Jan Stach had none of these but he still managed to build the biggest bridge in Europe made by a single man.
It was the 1970s and Stach was already in his 50s when he took it upon himself to build a stone bridge crossing the river adjacent to his land.
Stach’s property in Znamirowice, south Poland, was surrounded by cliffs and begrudging neighbours, something that forced him to have to rely on his friend’s boat to take his goods to market every week.
Sick of the situation, he campaigned the local authorities to build the bridge, but to no avail. The state was communist and concrete was scarce.
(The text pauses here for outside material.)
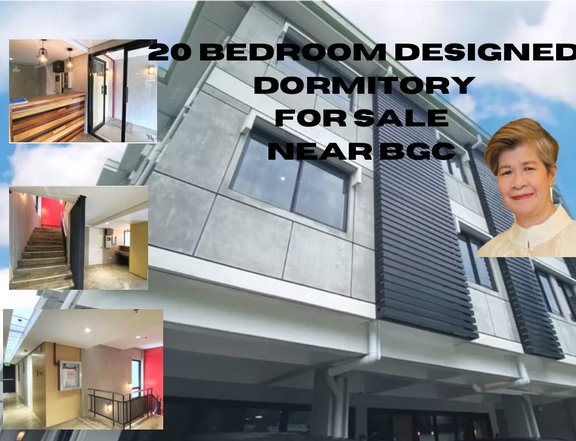 Designed Dormotory with 20 Beds For Sale near BGC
So instead, he decided to build it himself, one stone at a time.
Stach worked through the winter, at night and even on New Year’s Eve.
He worked with his hands and a hammer, forming wedges from the Carpathian belt rock.
After four years, the bridge -- 13 metres high, 20 metres long and 7.5 metres wide -- was finally built.
According to engineers who have over the years come to visit ‘Stach’s Bridge’, it is structurally sound, as if the farmer had constructed it with expert help.
And his efforts have entered into popular history, with a biography and a documentary both documenting his efforts.
Stach died on Christmas Day, 2011, but his structural masterpiece remains to this day a tourist destination, with everybody jostling to see the stone bridge that Stach built.